I picture him running down that hallway, barreling through piles of trash and the mangy cat and the cigarette butts discarded on the carpet. Pounding on a locked door, his screams falling on deaf ears. Running into the kitchen, shaking his mother’s arm. DO SOMETHING. I imagine the same sense of panic I had felt when I stumbled into my parents’ bedroom, my mother’s almost-lifeless body crumpled into a heap in the closet, as if she were nothing more than dirty clothes that had spilled over the side of the hamper. Cooper, staring. Doing nothing. The realization that we were on our own.

“And that’s when I knew she had to go. If I didn’t get her out of there, she would never leave. She would turn into my mother, or worse. She would turn up dead.”

I let myself take a step in his direction—a single step. He doesn’t seem to notice; he’s lost in the memory now, letting it spill freely. Roles reversed.

“I heard about your father down in Breaux Bridge, and that’s where I got the idea. The inspiration. To make her disappear.”

That article pushed into his bookshelf, my father’s mug shot.





RICHARD DAVIS NAMED AS BREAUX BRIDGE SERIAL KILLER, BODIES STILL UNFOUND.


“She went to a friend’s house after school and never came home. My parents didn’t even realize she was gone until the following night. Twenty-four hours missing … nothing.” He waves his hand, makes a poof motion. “I kept waiting for them to say something. I just kept sitting there, waiting for them to notice. To call the police, something. But they never did. She was only thirteen.” He shakes his head in disbelief. “Her friend’s mom called the next day, the friend whose house she had been at—I guess she left her textbook there, she knew she wouldn’t need it anymore—and that’s when they realized it. Someone else’s parent noticed before they did. By then, everyone just assumed the same thing happened to her as all those other girls. That she was taken.”

I imagine Sophie on that dingy television, the kitchen counter kind they had plopped on top of a portable table in the living room. That same school picture, her only picture, flashing onto the screen. Dianne watching as Daniel smiled quietly in the corner, knowing the truth.

“Then where is she?” I ask. “If she’s still alive—”

“Hattiesburg, Mississippi.” He says it with an exaggerated twang, like a misplaced commuter reading it off a map. “Little brick house, green shutters. I stop by and see her when I can, when I’m driving.”
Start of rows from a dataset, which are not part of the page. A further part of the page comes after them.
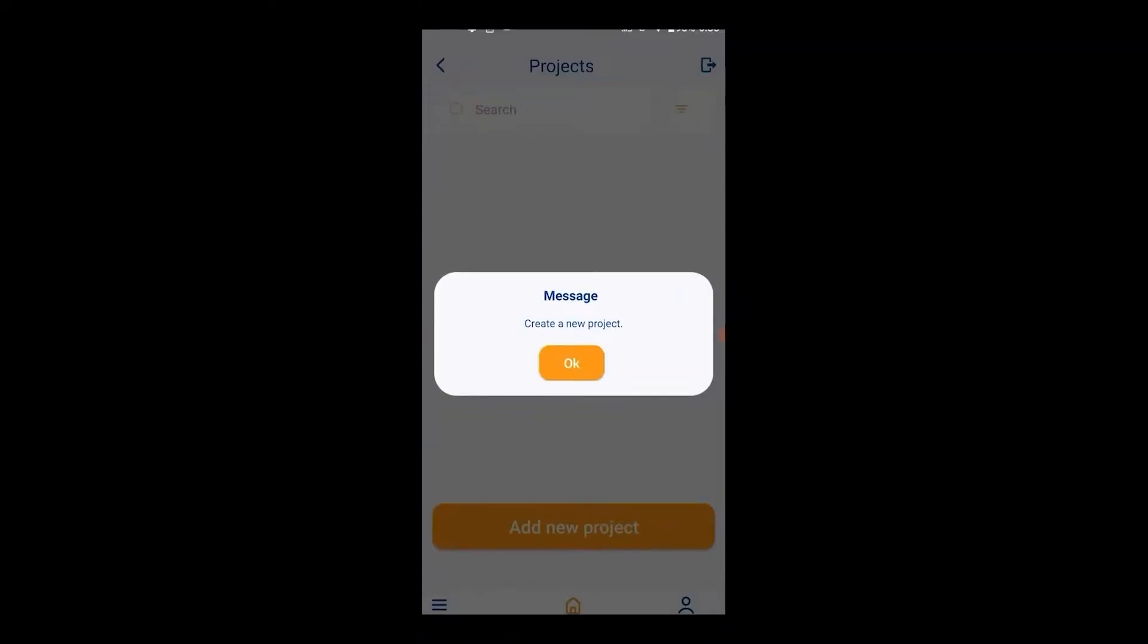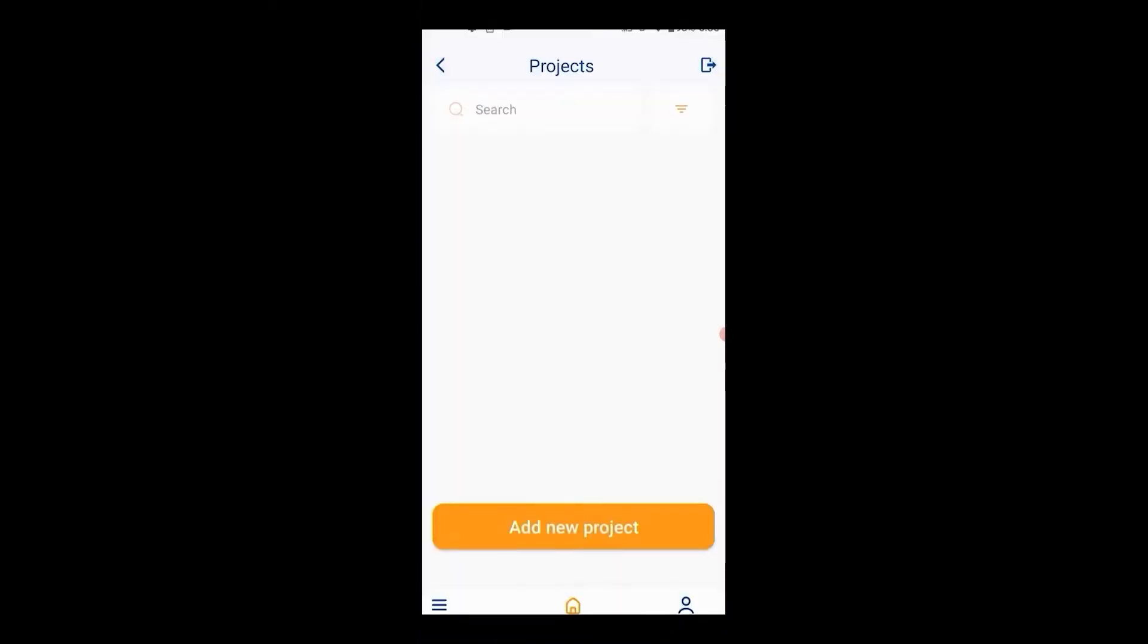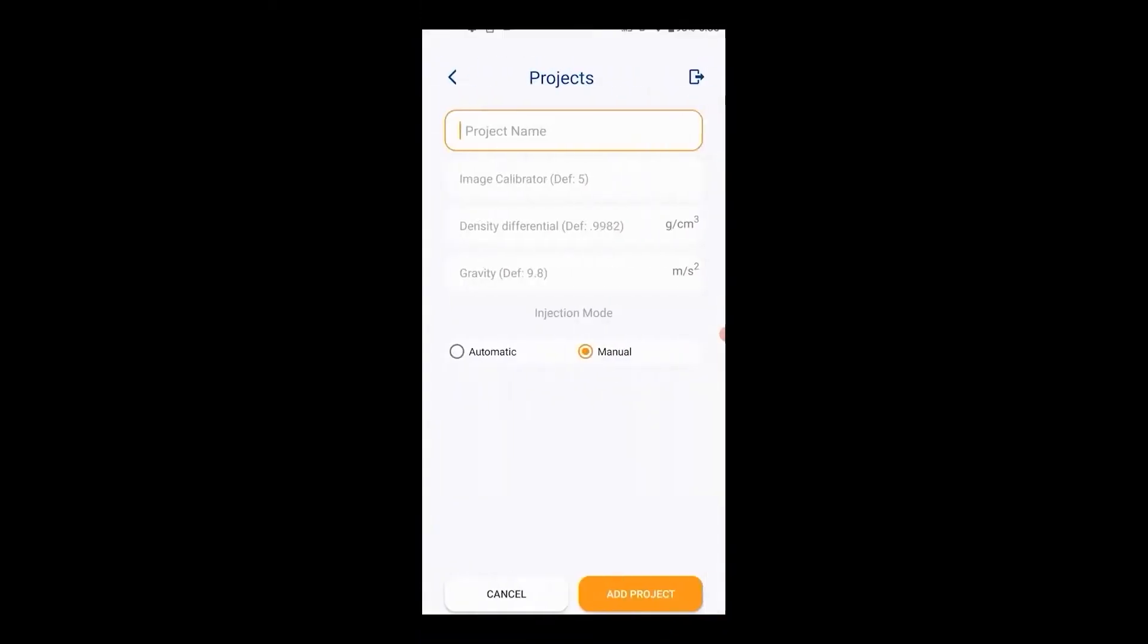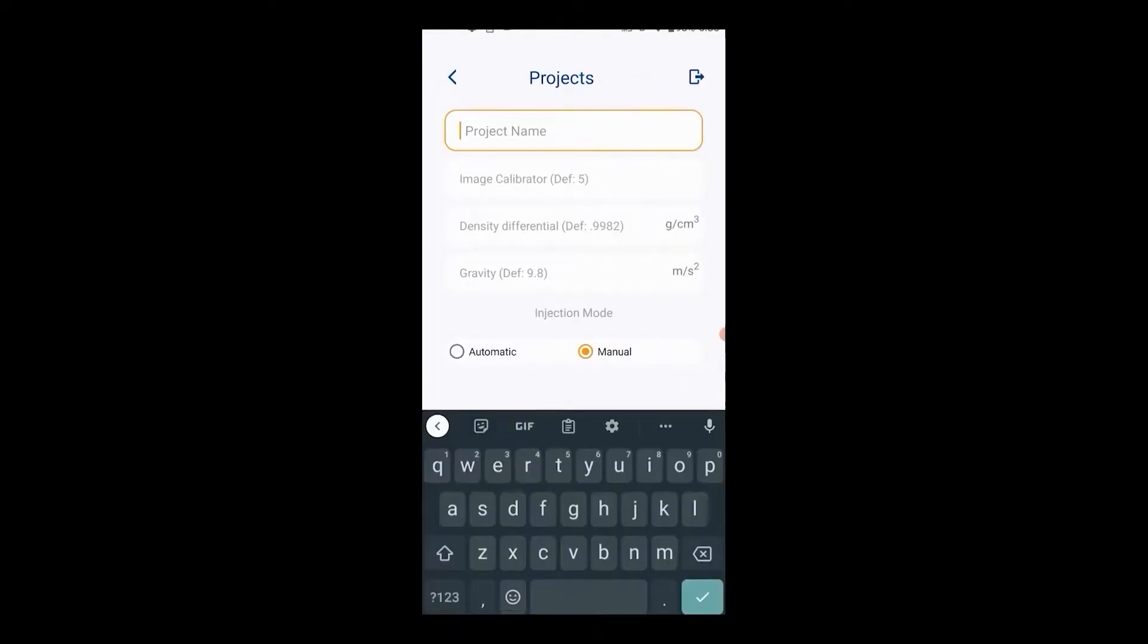After creating an account or signing in, create a project. This includes first the project name.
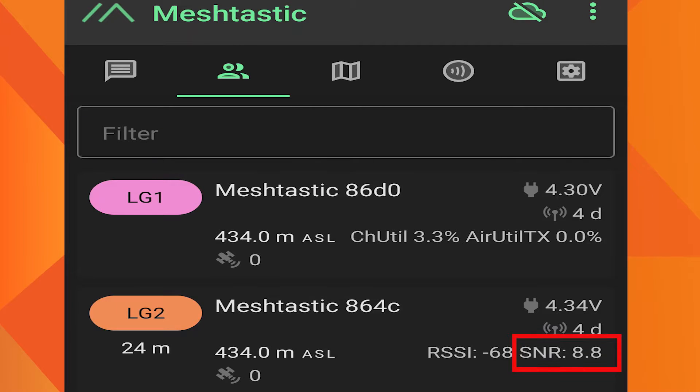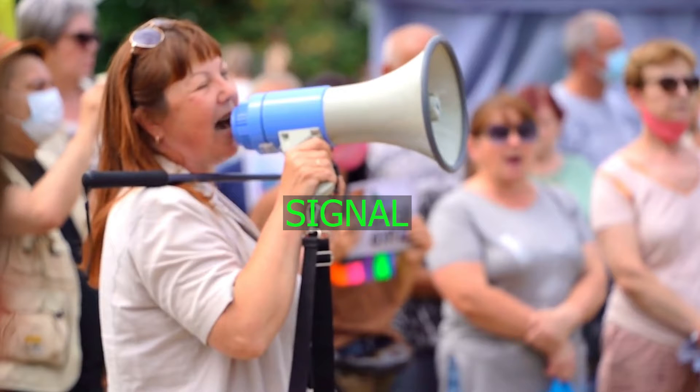Today we are going to discuss what is Meshtastic SNR. To understand SNR, let's consider this example.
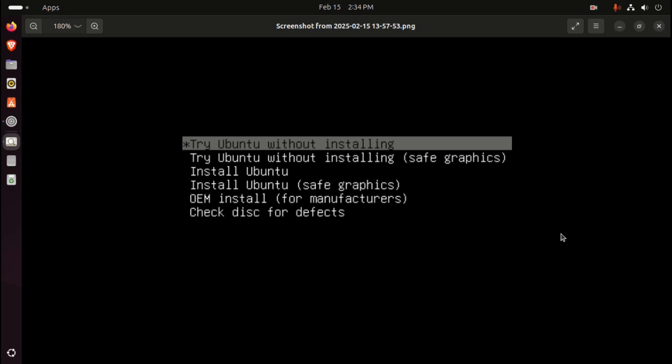I installed Ubuntu in safe graphics mode. Now, your resolution will be wrong, of course, but that's okay because after installing this and rebooting, everything should be as normal.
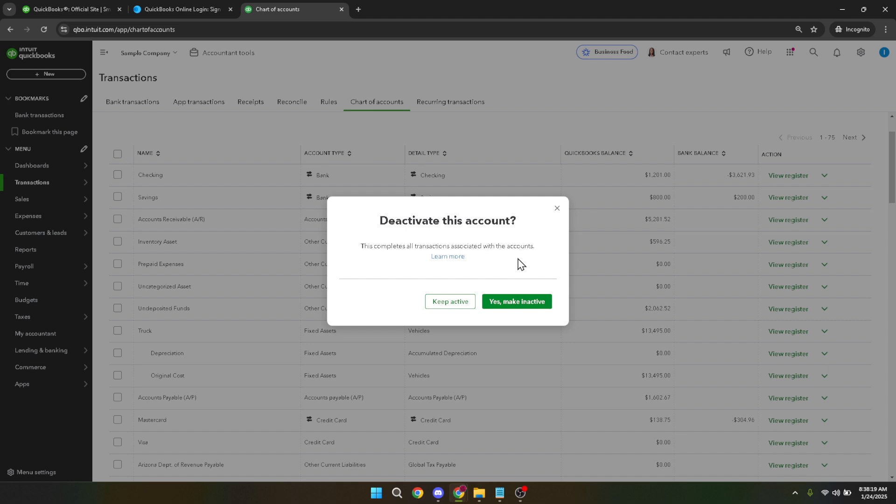That's it! You've successfully learned how to manage the active status of accounts within QuickBooks Online, allowing you to keep everything organized and efficient. Thanks for joining today and don't forget to subscribe for more QuickBooks tips and tricks!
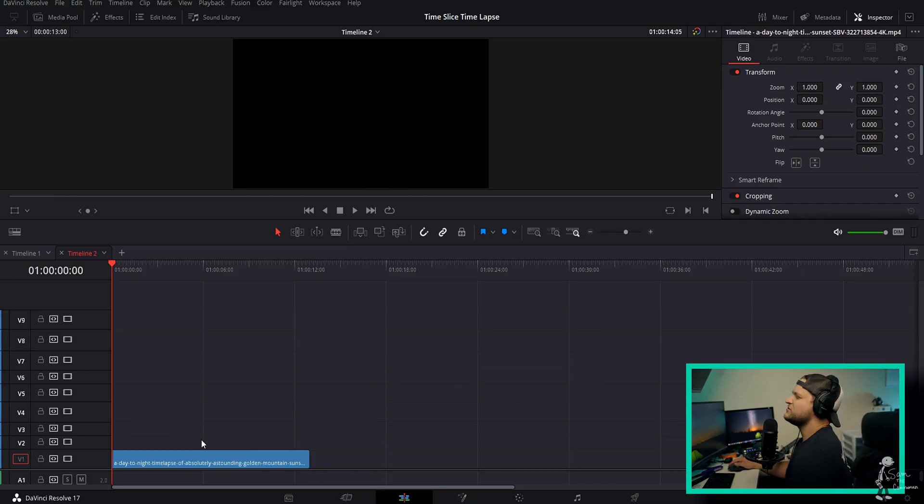Anyways, we're here with another tutorial. It is going to be a time-slice time-lapse effect — that is a lot to say, but either way, it's the effect you guys just saw. It's pretty cool. We're gonna keep this one kind of short. I know the intro was a little drawn out and I'm sorry, but let's get into DaVinci Resolve and get going.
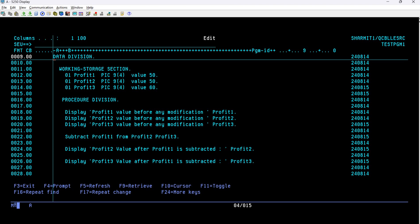For this demo I need three variables, so I declared them here. How we declare variables: first we specify the level number — level number 01 denotes higher data hierarchy. Then we have the variable name or data name; whenever you want to access this variable throughout the program you use this name. Then we have PIC, denoting the picture clause — 9(4) means numeric 4-digit, where 9 represents the numeric data type and 4 represents the length.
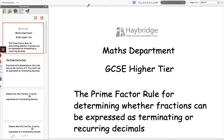Hello and welcome to this video from Haybridge High School and 6th Form Maths Department. This video covers the GCSE higher tier topic of the Prime Factor Rule for determining whether fractions can be expressed as terminating or recurring decimals.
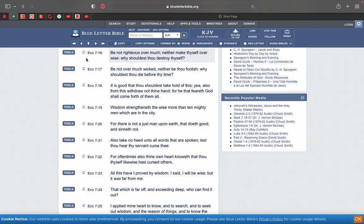This is Ecclesiastes 7:16. Be not righteous over much, neither make thyself over wise. Why should thou destroy thyself? And that's the truth. Because first and foremost, our righteousness is as filthy rags. Let's get that.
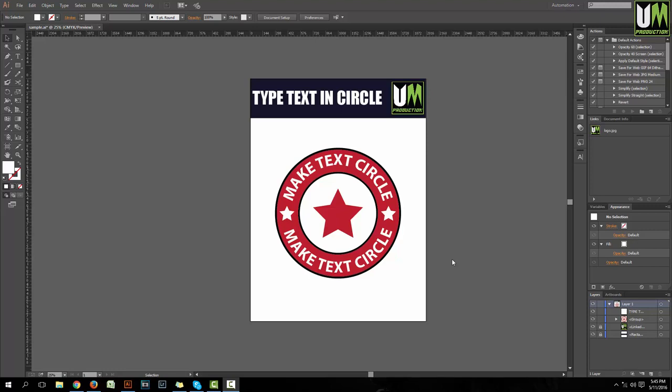Hello guys, welcome back to my YouTube channel. I am Rassel, today I am going to learn about this tutorial. I am going to type the text in a circular way.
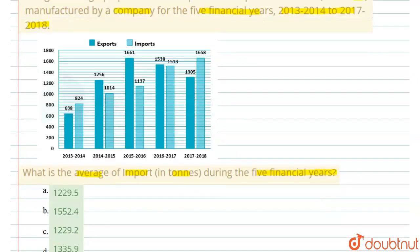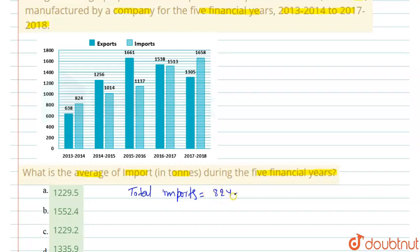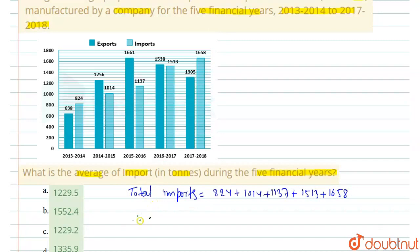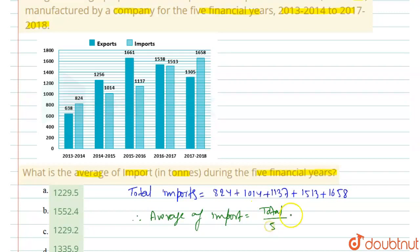So, we will add the imports here. We can see here, total imports is equal to — and the average of imports is equal to total divided by 5. So, it will be 1229.2 tons. We can choose option C: 1229.2 tons. Thank you.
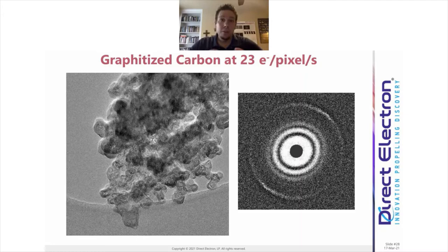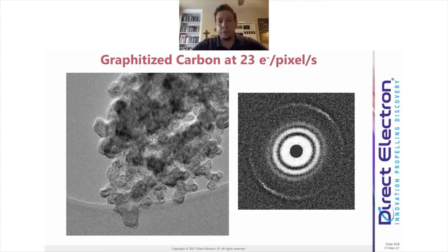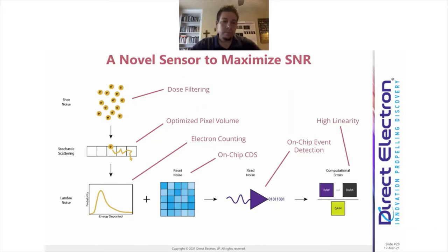The first image we took from the camera was to calibrate magnification using graphitized carbon. With an exposure rate of 23 electrons per pixel per second, I simply turned on the beam, set my brightness so it covered the sensor, and took an image. After motion correction, you can see information up to physical Nyquist. The graphite ring is close to Nyquist frequency and quite strong, indicating we can use a relatively bright beam without a dark spot in the middle from coincidence loss.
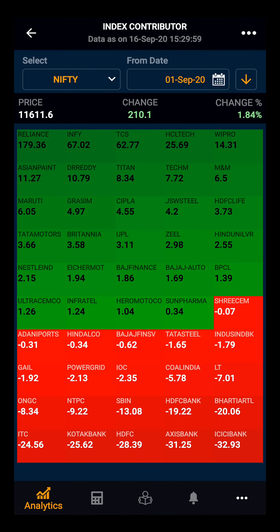In the same way, you can also select the index and change the backdate to see the index contribution. Thank you.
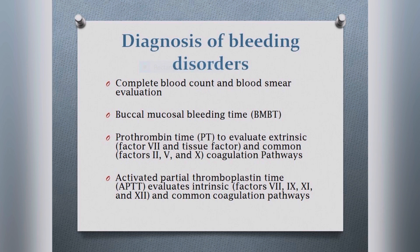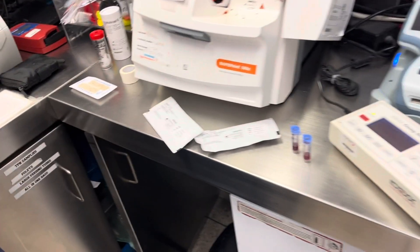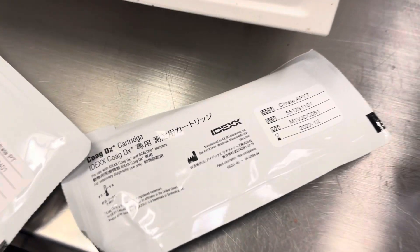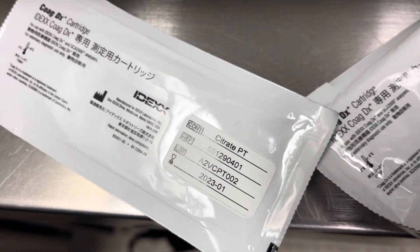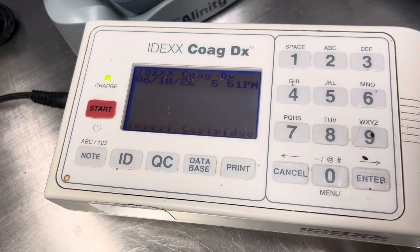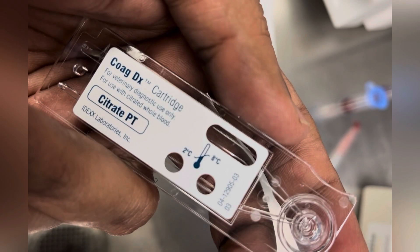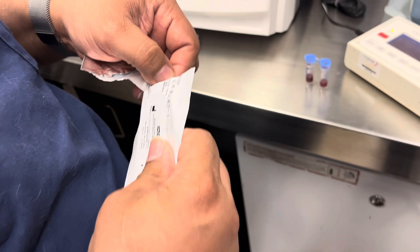There is a very useful apparatus called the IDEXX CoagDx. The process is very simple. We collect the blood in the sodium citrate vial — here we call it the blue-capped vial. We have two specific cartridges for the PT and APTT, specifically labeled the citrate PT and the citrate APTT cartridge. When the machine is turned on, it will ask to insert the cartridge. We take the cartridge and can see the end showing a circular depression where we have to put the blood.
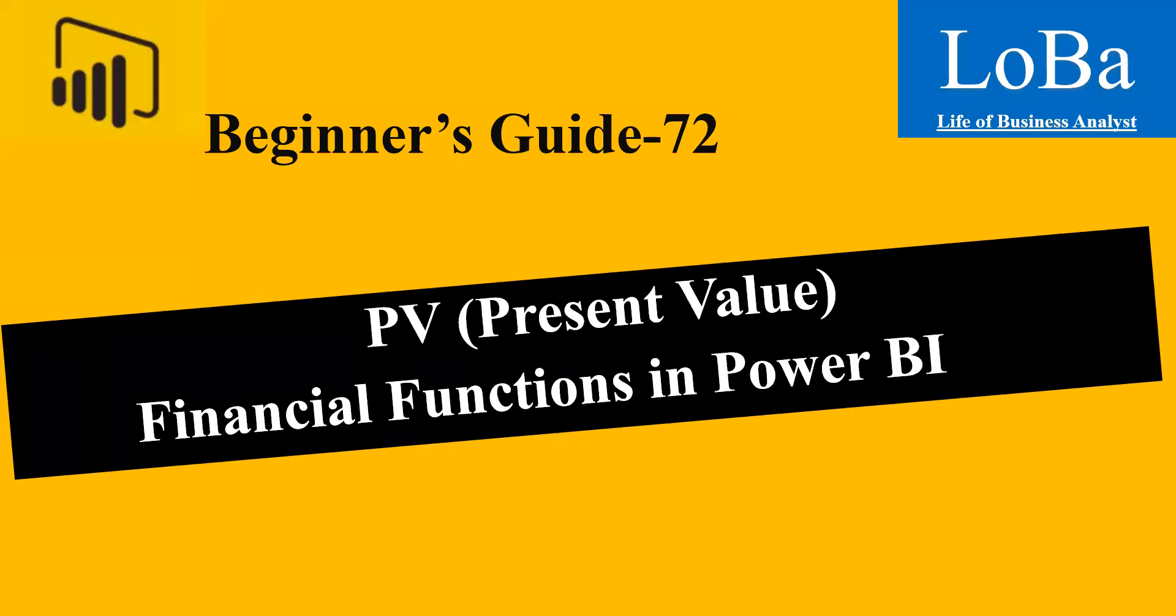Hello. In this video, we are going to discuss the financial function called Present Value. With the latest update released by Microsoft, this function is now available in Power BI.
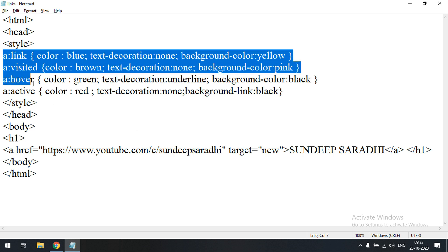This is how we can apply styles for hyperlinks. For all four states — unvisited, visited, hover, and active — we can give different colors, text-decoration, and background colors. Hope you understood. If you have any doubts regarding styling on links, feel free to post in the comment section and I will try to clarify. If you understood, please like, share, and subscribe to our channel. Thanks for watching, thank you very much.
I close my eyes. I recognize that town from one of his receipts. Hattiesburg, Mississippi. A diner called Ricky’s. Chicken Caesar salad and a cheeseburger, medium well. Two glasses of wine. Twenty percent tip.

“She’s fine, Chloe. She’s alive. She’s safe. That’s all I ever wanted.”

It’s starting to make sense now, but not in the way I had expected it to. I’m still not sure if I can believe him, fully. Because there’s still so much that has yet to be explained.

“Why didn’t you tell me?”

“I wanted to.” I try to ignore the begging in his voice, the little quiver that makes it sound like he might cry. “You have no idea how many times I almost just came out and said it.”